Australia’s Opals vow to break US hoodoo in Olympic basketball semi-final

Opals star Lauren Jackson has vowed to reverse 30 years of defeats to Team USA in the 2024 Paris Olympics semi-final on Friday.
Opals star Lauren Jackson has vowed to reverse 30 years of defeats to Team USA in the 2024 Paris Olympics semi-final on Friday. Photograph: Brian Snyder/Reuters

For almost three decades, the Americans have been an ever-present obstacle standing between the Australian women’s basketball team and greatness. At the Atlanta 1996 Olympics, the United States defeated Australia in the semi-finals (the Opals subsequently won their first-ever Olympic bronze). In the gold medal match at Sydney 2000, one of the last events of the home Games for Australia, it was the USA who spoiled the party, with an emphatic 22-point win.

Four years later, in Athens, the gold medal rematch saw the same result – although the Opals reduced the losing margin to 11 points. Another Olympics, another loss to the USA. At the Beijing Games in 2008, the Australians were forced to settle for their third consecutive silver medal, behind the Americans. In London, the teams met in the semi-final: another American victory, the Opals going on to claim bronze. An early exit in Rio spared the Australians yet another encounter with the USA. Normalcy was restored in Tokyo: the nations faced each other in the quarter-finals, and the Americans won resoundingly.

So when Opals veteran Lauren Jackson was asked about an impending semi-final encounter with the Americans, she offered a wry smile. “We’ve had great tussles with them over the years,” said the basketball legend, in Paris for her fifth Olympics. “Obviously we would have loved to play them in the gold medal match.”

Instead, on Friday, the nations will meet once more at Bercy Arena in the semi-final. The fact the basketball heavyweights are meeting in the penultimate round, and not the gold medal match, is down to Australia: they were defeated by Nigeria in the opening game, meaning the Opals progressed from the pool as the second ranked team. But the team’s rapid improvement since, culminating with a dominant victory over Serbia on Wednesday, has left Australian fans dreaming. Is this the Olympics where the Opals finally slay the American dragon and win gold?

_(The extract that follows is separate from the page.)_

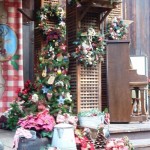 DL Rustic Holiday Decor - Wreaths and decor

The Australians are not getting ahead of themselves – they have been left heartbroken too many times before. But Jackson, who has played only limited minutes in Paris since returning for her first Games since London 2012, was upbeat. “We’ll see how it goes,” she said, hedging. “This team has an innate belief in themselves and what they’re able to achieve.”

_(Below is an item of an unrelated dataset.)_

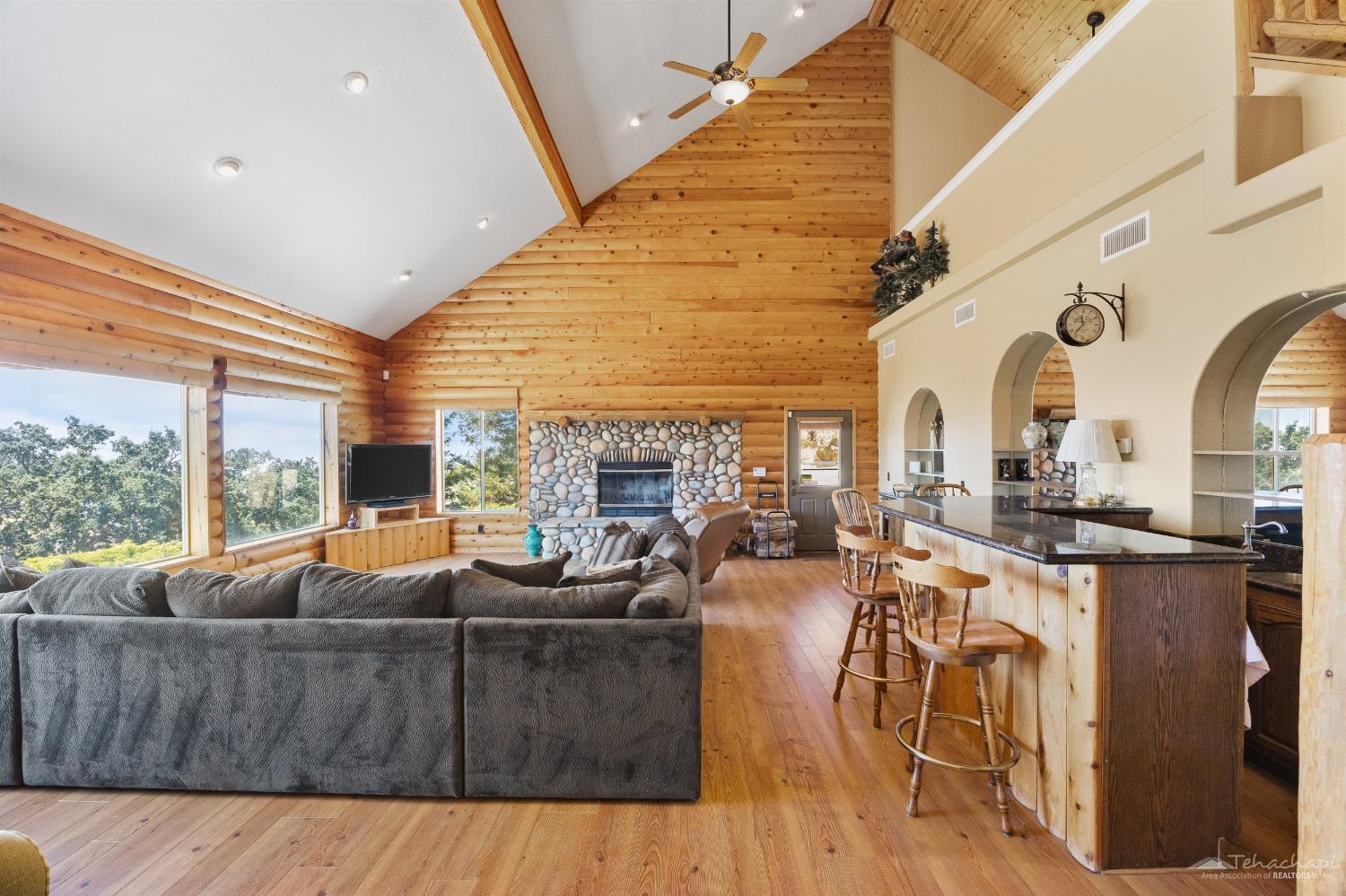 Greenhorn Court photo 13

Alanna Smith, one of seven current Opals to play their club basketball in the American WNBA, was more direct. “It’s just a big rivalry, even in the lead-up to the Olympics, I was playing in the US and they were talking shit. “They’ve had a history of winning, but now’s the time we can topple that. It would be sweet to take them down a peg, for sure, but we have to prepare for a fight.”

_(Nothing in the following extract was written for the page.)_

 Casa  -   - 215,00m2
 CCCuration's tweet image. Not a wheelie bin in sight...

Smith, 27, is one member of a newer generation of Opals, without the same weight of history when it comes to facing the Americans. 21-year-old Washington Mystics guard Jade Melbourne was immense in the quarter-final against Serbia, while Ezi Magbegor, 24, is a mainstay of the Opals team. With a new young core, and plenty of experienced older players, Australia seem to be hitting form at just the right time.

The USA, too, have been playing superb basketball so far in Paris. They won all three of their pool matches, against Japan, Belgium and Germany, with an overall points difference of plus-58. They had to fight harder in the quarter-final against Nigeria, who had downed Australia earlier in the tournament. But despite Nigeria’s best attempts, the Americans ran out 14 point winners. It is not for nothing that the USA are currently on a seven-Olympics gold medal streak.

But Jackson, speaking after Australia’s win over Serbia, was undaunted. The team’s elder stateswoman, making a remarkable return to international basketball after retiring years ago, pointed to the new generation – players who emerged since she initially left the sport before the Rio Olympics.

“You’re seeing the Opals getting better every half of basketball,” said the 43-year-old. “The girls are really resilient. It’s a new generation of athletes going through the WNBA, playing big roles in the WNBA, they know how to play against the American team. In my opinion, we’re there with a shot. Absolutely.”

On Friday, the Australians face yet another Olympic encounter with Team USA. For Jackson, and a younger generation of Opals, it is time to defy history.